It went great. I asked Marianne if she would consider taking me on as a client. Before she answered, she asked me why I wanted to see her vs. Susan, checked to make sure that I would have the appropriate closure with Susan and made sure I was making a rational decision. After we discussed those issues and she was satisfied with my answers she said that yes she would take me on as a client. However we (Marianne and I) would have to meet with Susan on Monday to make sure it was okay with her too.

I am so thrilled and excited that I can continue working with Marianne. She said that she could tell that I was getting out a lot that I had been keeping in and that's why she wanted to see me again today.
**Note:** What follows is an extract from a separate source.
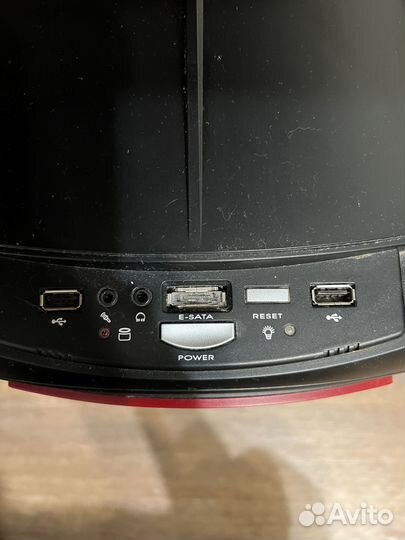 Системный блок Thermaltake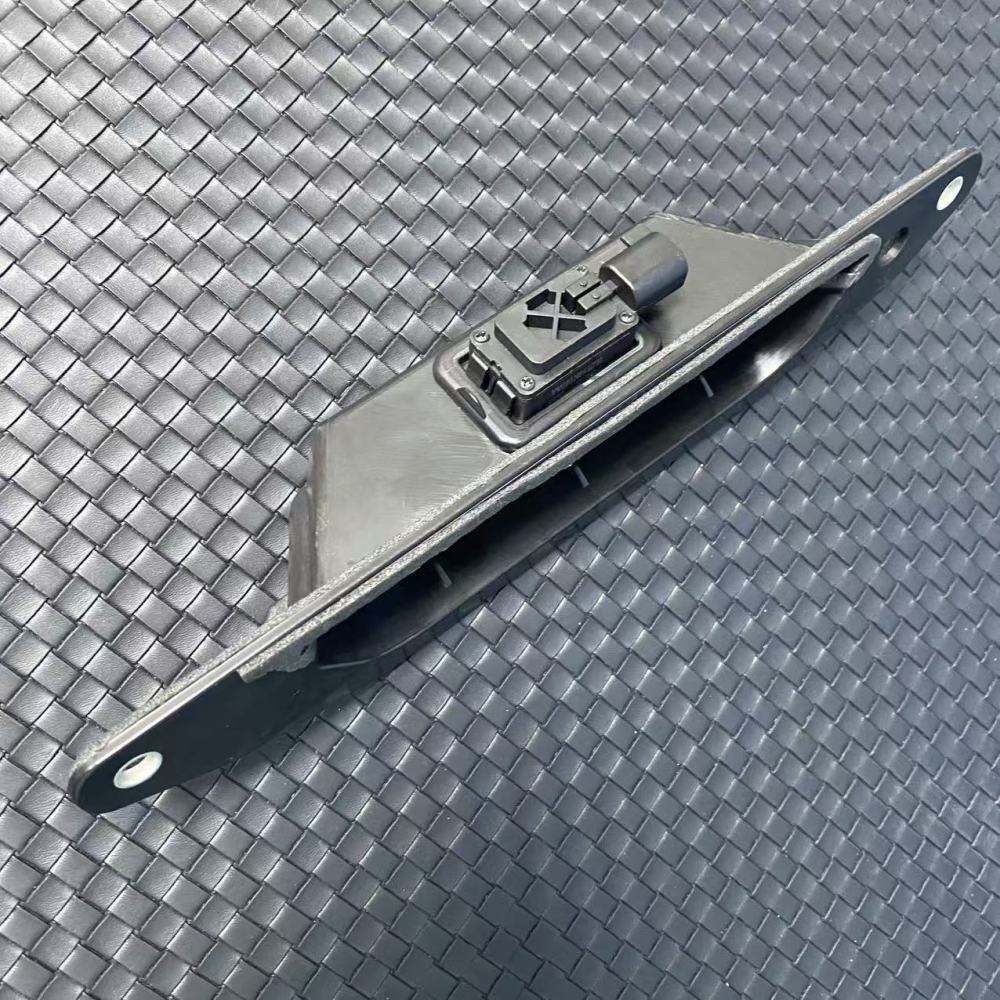 1pc Molding Tailgate for Ford Kuga 2 II MK2 ST-Line 2017-19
She did tell Susan that she was seeing me today. Susan was fine with that. I really can feel some hope with Marianne. I realized while talking to her that Susan is awesome at what she does (DBT) and I'll continue DBT group if it's okay with her. What Marianne offers that is different is that she 'digs' deep when talking with me and I need to do that too.

I'm nervous about Monday and explained to Marianne how my mom was growing up and that this was still an uncomfortable situation for me, but I see it as progress that I am able to do it. Marianne agreed.

I don't think there will be any ethical issues. I'm assuming that Marianne would know if there were and would have let me know. Still, I'll won't count my chickens before they hatch. I'll wait for the okay from Susan on Monday before I celebrate moving on with Marianne and my healing.
__________________
"What is Real? asked the Velveteen Rabbit one day.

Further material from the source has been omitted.